1

我有一个 Django 应用程序,它连接到一个 PostgreSQL 9.1.9 数据库,该数据库运行在它自己的具有 2gb RAM 的专用机器上。该数据库存储了 Twitter 推文的缓存(大约 100 万条),并根据它们包含的词对它们进行索引。以下是 2 个相关模型:

class TwitterPassage(models.Model):
    third_party_id = models.CharField(max_length=STANDARD_MAX_LEN, db_index=True, unique=True)
    third_party_created = models.DateTimeField(null=True, db_index=True)
    source = models.CharField(max_length=STANDARD_MAX_LEN)
    text = models.CharField(max_length=STANDARD_MAX_LEN)
    author = models.CharField(max_length=STANDARD_MAX_LEN)
    words = models.ManyToManyField('connectr.Word')
    quality = models.BigIntegerField(null=True, blank=True, db_index=True)
    author_fk = models.ForeignKey('connectr.TwitterUser', null=True)

class Word(models.Model):
    word = models.CharField(max_length=STANDARD_MAX_LEN, db_index=True, unique=True)
    display_word = models.CharField(max_length=STANDARD_MAX_LEN, default='', blank=True)
    passage_count = models.IntegerField(null=True, db_index=True, blank=True)

class User(models.Model):
    user_id = models.CharField(max_length=STANDARD_MAX_LEN, db_index=True)
    tweet_passages = models.ManyToManyField('connectr.TwitterPassage', through='connectr.PassageViewEvent')

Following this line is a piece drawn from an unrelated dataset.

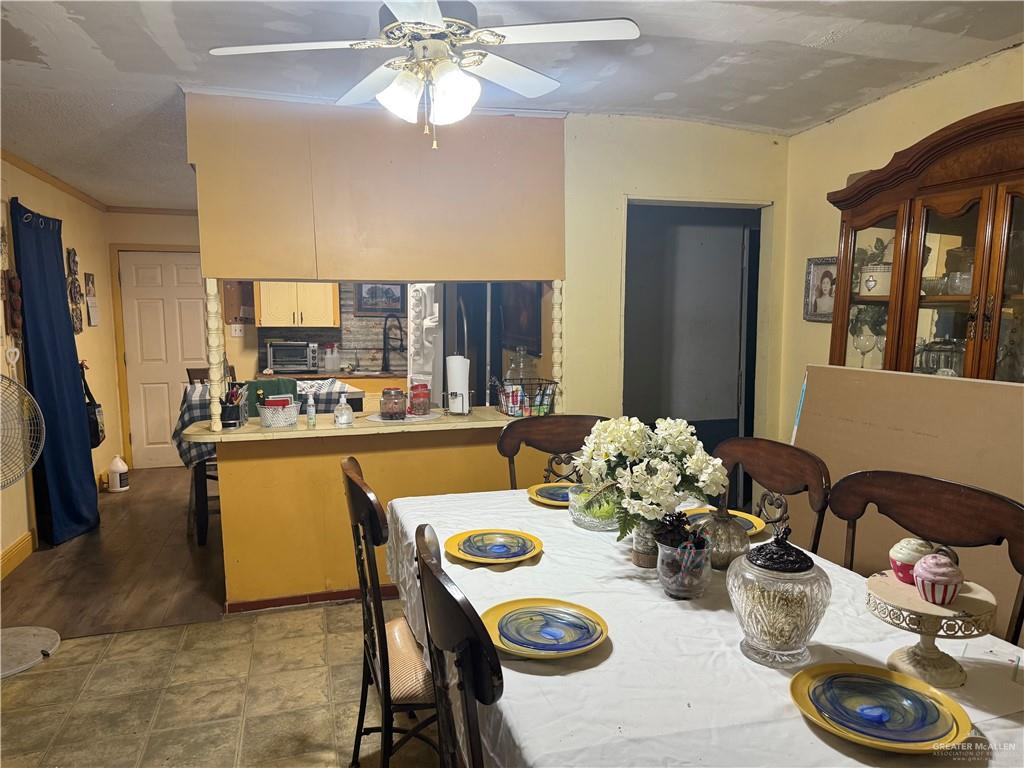 815 South Breyfogle Road Mission, TX 78572 - Photo 2 of 5 Dining space with a ceiling fan and crown molding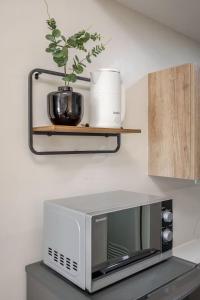 Modern Minimalist Studio with Balcony & Sunset View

Word 与包含该单词的任何 TwitterPassage 具有多对多关系。

我运行的查询是:

# Exclude tweets this user has already seen, and find the 20 highest quality tweets they haven't yet seen
word.twitterpassage_set.exclude(user=current_user).order_by('-quality')[:20]

质量是一个整数分数,范围从大约 0 到 300。

发生的情况是,有时这个查询很快就像我需要的那样(不到一秒钟)。但其他时候,它非常缓慢——长达 10 秒。它似乎特别适用于真正常见的词,例如“他们的”或“我的”,而对于与较少的 TwitterPassages 相关的稀有词则效果不佳。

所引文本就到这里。